# Yeast contaminant



## doublebowgoats (Mar 6, 2008)

Really frustrated because almost every time I have made cheese lately, it is yeasty. Even my chevre was spongey and smelled yeasty yesterday. The jack cheese that I was making almost every day last year, turned out with holes and stinky. I clean my equipment and countertops, everything in the kitchen with bleach so it must be in the air. (We make lots of homemade bread) I just cleaned everything with yeast in it out of the whole house recently so I am perplexed.
Any ideas on what to do? 
And if you say that I need to build a whole new building just for making cheese, I will not be sad. LOL


----------



## nightskyfarm (Sep 7, 2009)

Bread and cheese making can not take place in the same space very easily.

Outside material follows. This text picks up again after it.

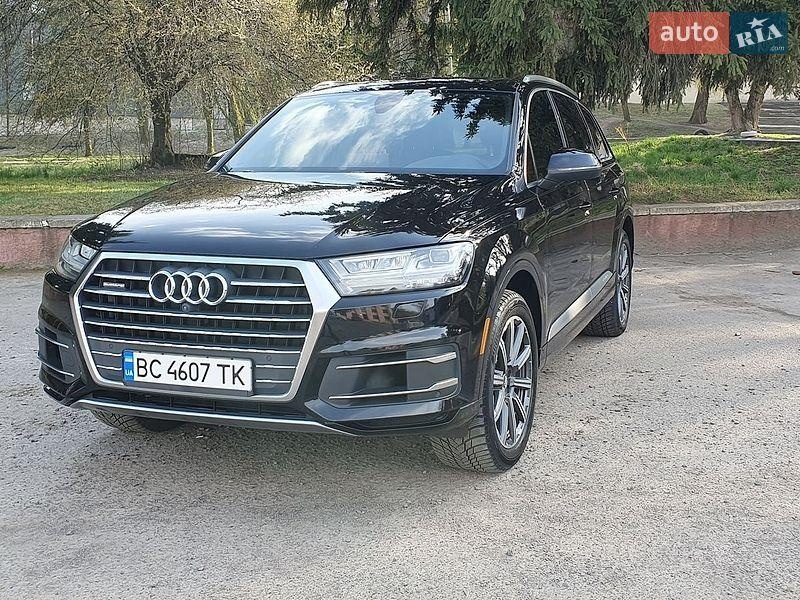 Audi Q7 2016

Do you make bread daily? Can you bake once or twice a week and let the room rest for a day and then try to make cheese? The temperature is key too, not too hot and not too cold. I have found around 70 degrees ambient room temperature is best.


----------



## doublebowgoats (Mar 6, 2008)

I am haphazard about when i make bread..not on a schedule, but having a set time to bake is probably a good idea anyway. I will need to think about that. And it was quite warm yesterday when my chevre starting growing up over the pot...
Thanks for the input.


----------



## Laverne (Apr 4, 2010)

I steam sterilize and boil everything and the only time I had a problem was when I forgot to steam my big stock pot I use. I don't make bread very often.


----------